Step Forward contest: irony is no excuse

By Matt Won

Given all the diversity hanging on the lamp posts during the Step Forward fundraiser this semester, I felt empowered by Macalester’s own student video award winner to, you know, step forward myself. So I think it’s only fair that I break you off with a little Mystery Minority Theater 2008 for “A Macalester Madrigal.”The winning video, by Matthew Ecklund ’09, proceeds to show, mostly through a sequence of drawn slides, “The Macalester College story”-“your” story. Hope you recognize yourself in it.

As I recovered from the Caucasian skin grafts, I had a gander at Macalester’s student body and was profoundly unsurprised to find it indistinguishable “diversity”-wise from Bob Jones University.

I’ll spare the gory details, but my story here is that of a white man, one who goes through Macalester happily, without a care, graduates, becomes some sort of empty suit, and then after a crisis of conscience spurred by allegiance to the alma mater apparently joins the Red Cross to go help the “needy.”

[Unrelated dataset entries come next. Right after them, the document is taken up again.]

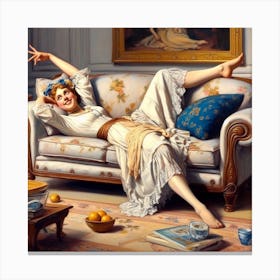 Woman Laying On A Couch Canvas Print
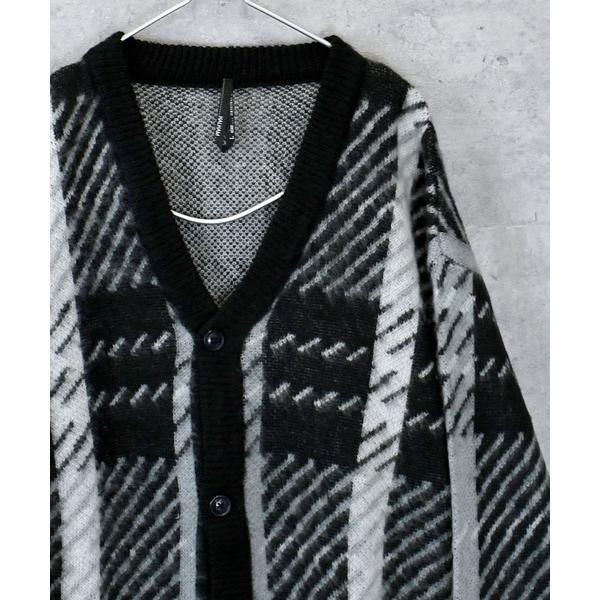カーディガン シャギー加工 チェック柄ニットバルーンカーディガン メンズ レディース
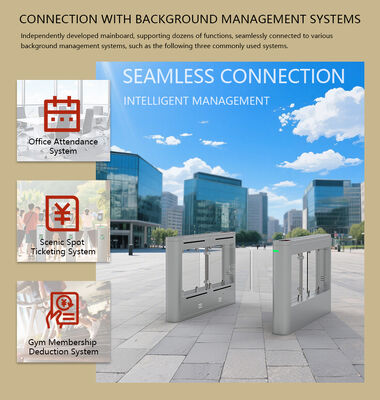 HCW 8 Pairs Infrared Detection Sensors Swing Barrier Turnstile Gate,Fast Speed 30-60 Person/Minute Pedestrian Access Control Turnsti,5 Million Times Life Span Swing Turnstile Gate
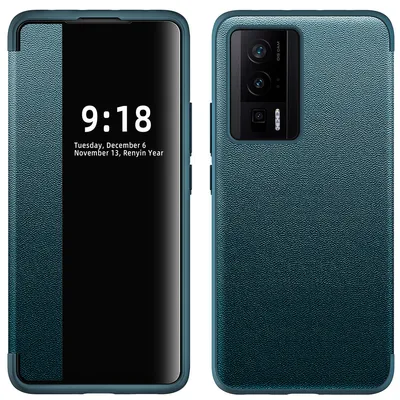 Obrázek produktu pro Pouzdro pro Xiaomi Redmi K60 Pro tenkéPolyuretankožené klopové pouzdro s okénkem pro zobrazení zelené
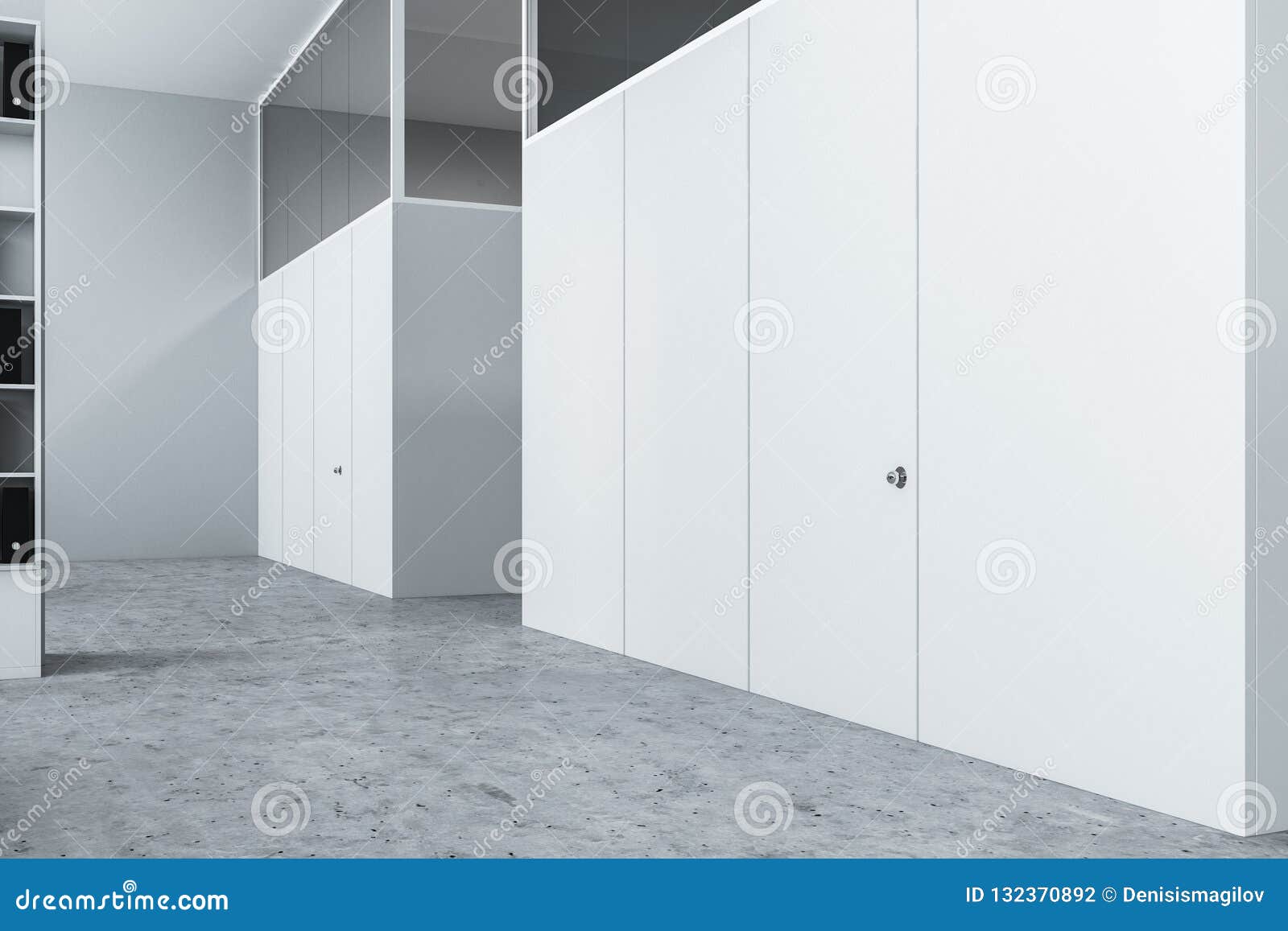 White Doors In Office Interior Stock Illustration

If you’re non-male or a person of color, you might wonder where you fit in this oh-so-Macalester narrative. If you’re a woman or, God forbid, some sort of transperson, well, you’re either passing as a man or, in two frames, as a “cool upperclassman” with bright red lipstick.

If you’re not white, the situation is a little uglier. You’re in a few frames, never with a face, as one or more of the “needy.”

When enjoined to “improve this world we share,” our white hero, like his colonial forefathers, takes the globe in his hands (rather than looking at the indigenous genocide and institutional racism he’s implicated in in his own backyard) and then walks “barefoot ‘mongst the needy” ( la Jesus Christ among dark-skinned people?).

Confused about global citizenship? This video’s got the answers. A jump cut takes us from an undergrad “me” reading a pamphlet entitled “global citizen” to being in a Red Cross outfit helping hurricane victims, with a sea of dark-skinned hands reaching up at my white self for salvation.

OK. Vomit break.

Done? Great. So let’s get into some interpretation here.

Of course! I forgot. The video was ironic! It was a spoof of how white and male Macalester’s focus and leadership is. Don’t you get that it’s a “madrigal,” that it’s supposed to be, like, totally absurd?

Well, friend, irony’s no OrbitT for my bile.

Here we see the mainstream Macalester perspective in all its ignominy, all the exclusions of that presumed “we” and what that “we” looks like: white, American, middle class. The video comes from the same place American history tends to. The real story is the white man’s story and the rest of us are just supporting actors. Thanks for the bit part, white man.

I know falling into all this whitey talk is unseemly, but I’m really just being forced to stoop to the college’s level here.

The video exemplifies the master Macalester narrative, and how we understand ourselves. We’re privileged white people who project our guilt abroad to avoid thinking about our guilt at home. We adopt the “missionary position,” of the white man’s burden, to quote one great Macalester professor.

The video, through a comedic and an overtly constructed nature as opposed to photorealism, can claim the refuge of irony, the new home of oppression in America.

Apparently, the version that I saw online was cleaned up in light of similar criticisms. I shudder to think what the original must have been like. Lipstick on a minstrel is still blackface, ladies and gentlemen. We’ve got a white protagonist, and the only non-white people are still reduced to dark-skinned and needy hands to whom this video neglects to even give a face.

If I were a Macalester representative, I would be ashamed and disgusted to show this video to potential donors or prospective students. It is insulting, smug and the clear product of privilege. And maybe that is Macalester’s brand, but it seems like a poor sell.

I say this in our college’s interest: please don’t take this video on the road. Or at the very least, have the courtesy to make vomit bags available.